Ces temps de silence, délimités à l'intérieur d'un cadre, répétés de mois en mois, relus et devenus porteurs de sens, me conduisent peu à peu à découvrir un silence intérieur et à y demeurer lors des événements quotidiens. C'est toute ma vie qui peut prendre un nouveau sens par une attention à un silence qui dit la présence d'un amour créateur. Un appel au silence intérieur peut jaillir lors d'une rencontre ou d'un événement particulier qui m'invitent à voir et à entendre autrement, à m'émerveiller, à m'arrêter pour rendre grâce dans une nouvelle disponibilité et un nouvel accord au monde. Cet appel intérieur peut aussi, tout à coup, saisir le coeur, devenir rencontre, visite il rassemble et unifie comme lorsqu'un voile se déchire et laisse apparaître une présence.
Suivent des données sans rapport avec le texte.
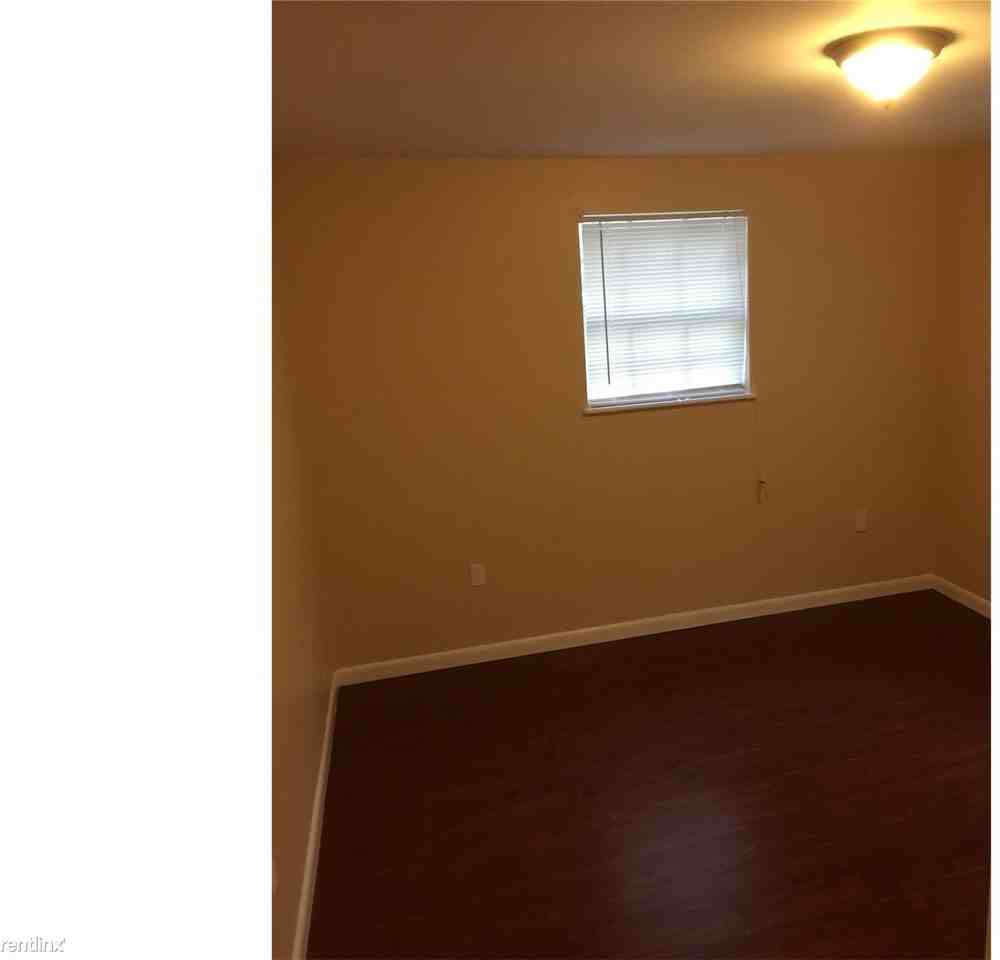 14220 NW 22nd Ave - Photo 3 of 7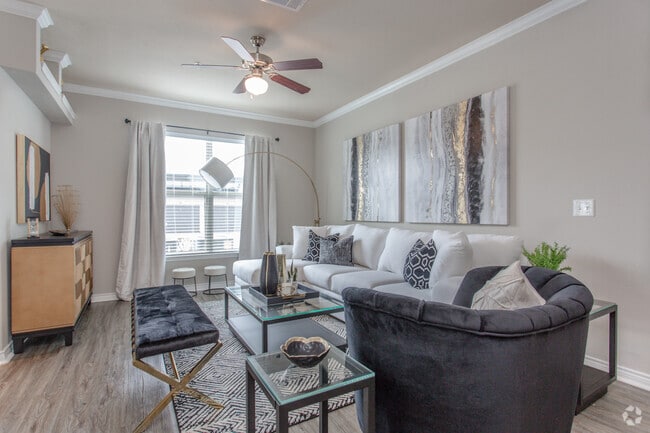 2 Br, 2 Ba - 1194 SF - Kensington Crossings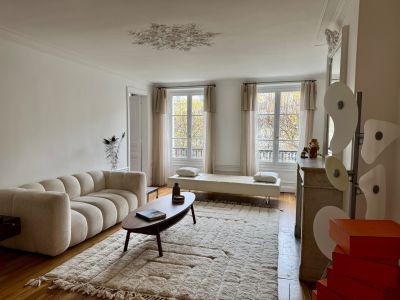 Sale Luxury apartment Paris 7 4 Rooms 91 m²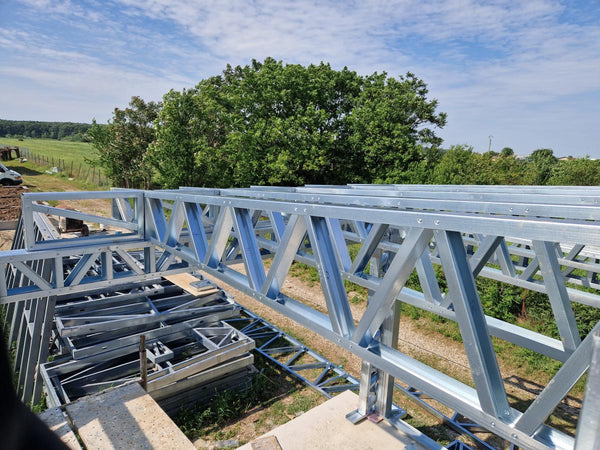 Montaj structura metalica casa parter model 130-093 in Snagov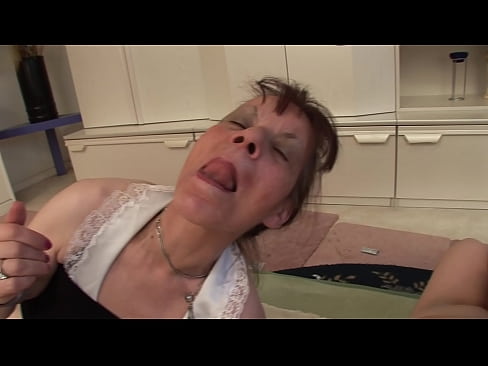 ❤️ Две баби и еден дедо имаат тројка Секс видео на mk.pornburst.ru ️❤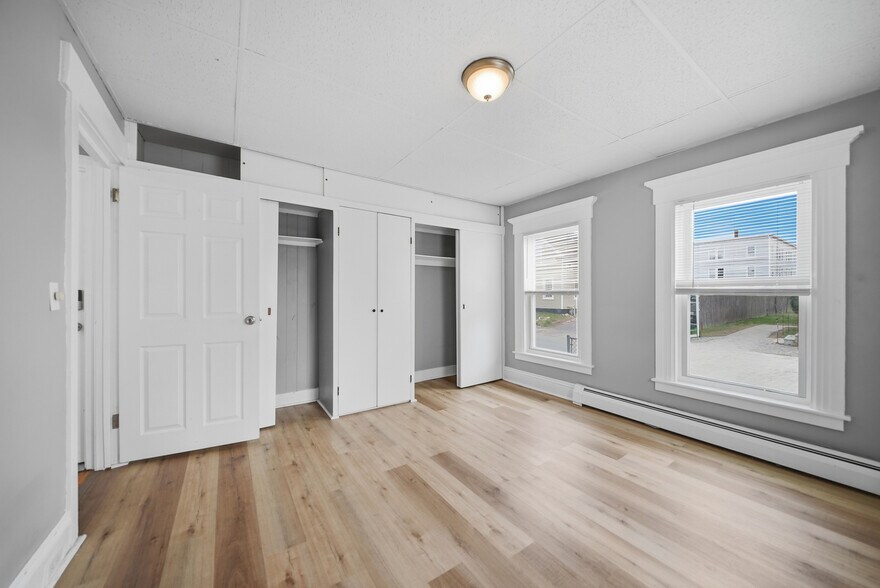 More Photos Of 266 Douglas St, Manchester Multifamily For Sale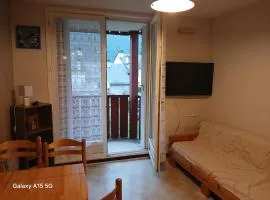 Luz Saint Sauveur apartment with private parking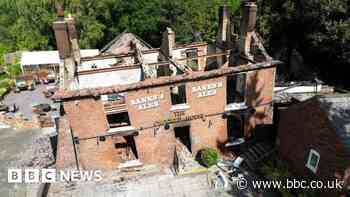 Calls to protect 65 pubs after Crooked House fire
Ces temps de solitude, loin de me retirer de la vie, m'y plongent plus pleinement en m'invitant à y découvrir les traces de l'amour vivant de Dieu, et cela renouvelle mes forces, me fortifie dans la foi Je constate que le choix de cette part de silence et de solitude me rend plus attentive et présente aux autres et aux événements. Je découvre peu à peu un silence plein, un calme intérieur, un appel à une écoute et à un regard différents, qui me donnent d'accueillir la présence de Dieu dans l'instant qui est à vivre. Cette disposition du cœur, qui est elle-même une grâce à demander, plonge ses racines dans l'accueil et l'écoute de la Parole. Quand nous sommes amis du Christ, familiers de sa Parole, il y a une relation de mémoire qui s'établit. Le coeur se souvient et peut reconnaître, au milieu de bruits divers, internes et externes, un centre de silence et de paix profonde qui laisse entendre une présence. Comme accompagnatrice, ces temps de silence et de solitude ont ouvert en moi un espace de calme et développé une écoute plus attentive : « Rester au milieu, comme l'aiguille d'une balance, laisser le Créateur agir immédiatement avec sa créature et la créature avec son Créateur et Seigneur » (fie. sp. 15). Je peux mieux vivre une présence confiante et une foi plus profonde en l'oeuvre de Dieu dans la vie de l'accompagné. Ce qui m'aide à être dans cette attitude du cœur, c'est de vivre ces temps d'accompagnement comme un exercice spirituel en demandant la grâce de la disponibilité et de la remise de moi-même.
Un travail en profondeur s'opère en moi qui me donne de mieux reconnaître d'autres modes de pensée, d'autres visions du monde que les miennes, et de vivre un déplacement pour entendre ces différences comme des richesses. Une écoute attentive suppose que je sois ouverte à l'inattendu de ce qui va être présenté. Je deviens aussi plus sensible au fait que l'écoute de l'autre ne se fait pas seulement avec l'ouïe, mais aussi avec les yeux, la sensibilité, l'ensemble des facultés. J'entends mieux ce qui se dit, le relief particulier de certains mots, les liens qui apparaissent entre différents moments et, plus encore, le silence. En effet, certains silences de l'accompagné peuvent souligner un moment important, un aspect de sa vie qui cherche à se dire. Enfin, je découvre la valeur de la sobriété en parole, et, quand j'y suis fidèle, elle me donne de ne pas tomber dans les conseils ni dans la recherche de solutions, mais de garder la bonne distance dans l'écoute qui permet à l'accompagné de laisser résonner en lui ce qu'il vient de dire et de trouver lui-même le sens de ce qui est en train de naître en lui. L'écoute attentive se résume souvent à une présence discrète, comme un souffle ténu.